Gearing not negative, says analyst

Propertyology's Simon Pressley. Photo courtesy of the subject.
Some politicians and voters blame negative gearing for the current lack of housing affordability but analysts say there are many factors at play. Vincent Dwyer reports.

Labor’s plans to “tinker” with negative gearing are a useless experiment which will unfairly affect property investors, says the head of one of Australia’s leading property market analyst groups.

Simon Pressley, founder and executive director of Propertyology, says politicians and voters should not lay the blame solely on negative gearing for the current lack of housing affordability, but understand the many factors at play.

“It just shows how little people know about the property markets,” says Mr Pressley. “To say that negative gearing is the reason for property markets being the way they are is ill-advised.”

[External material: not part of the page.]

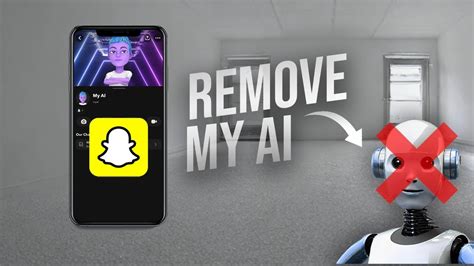 how to delete your ai on snapchat: the importance of privacy in the digital age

Mr Pressley’s dislike of the Australian Labor Party’s (ALP) affordable housing policy is shared by executive director of Housing Industry Association’s (HIA) Victorian branch, Gil King.

The ALP’s policy says negative gearing, which provides tax saving to investors who pay more for maintaining their property than the annual income generated from it, would be allowed only for new properties and investments made before its implementation.

Mr King says that will not make a “huge difference” to housing affordability.

“Tinkering with things like negative gearing and the capital gains tax will shift the dynamic a little,” says Mr King. “[But] there’s no evidence that it will open up the market and reduce housing prices.”

“We [HIA] support negative gearing, but we do not support [opposition leader] Bill Shorten and the ALP’s stance on it,” says Mr King. “We believe that’s a dampener on investment.”

Prime Minister Malcolm Turnbull has announced there would be no changes to the Coalition’s current policy on housing and negative gearing.

Mr Pressley says this commitment was welcome and that any changes to negative gearing in the future as suggested by the ALP would be “outlandish”.

“The last thing we need is to experiment,” says Mr Pressley. “You couldn’t call it anything other than an experiment, and a bloody big one.”

Mr Pressley says negative gearing is needed as Australia had a legacy of not teaching people to invest, resulting in pensions becoming a massive liability on government budgets.

“Negative gearing is saying we want to encourage people to invest so they can look after themselves later in life rather than saying, I want the taxpayers to look after me,” says Mr Pressley.

He also said most property investors are everyday Australians who just want to have a go.

“Don’t have a crack at people who are trying to be responsible with their money so they don’t become a financial burden to society,” says Mr Pressley.

Mr King says political parties should instead be focused on removing taxation on housing currently amounting to 40 per cent of housing and land cost.

“It’s one of the most highly taxed sectors of any industry in Australia,” he says. “You remove that and [it] makes it more affordable.”

He also shares the Turnbull government’s view that “mum and dad investors” are vital to the housing market, and would “struggle” if negative gearing was scrapped.

“The reality is that mum and dads are a major part of the investment market,” says Mr King. “[But] if you remove negative gearing mum and dads won’t be able to afford getting an investment property.”

Mr King says ensuring everyday Australians are given the opportunity to invest in property is vital for maintaining a stable economy and housing market.

“Rich people will always be able to afford an investment property,” says Mr King. “[But] it’s the ability to attract the lower-income earners which makes negative gearing such a positive for the investment sector.”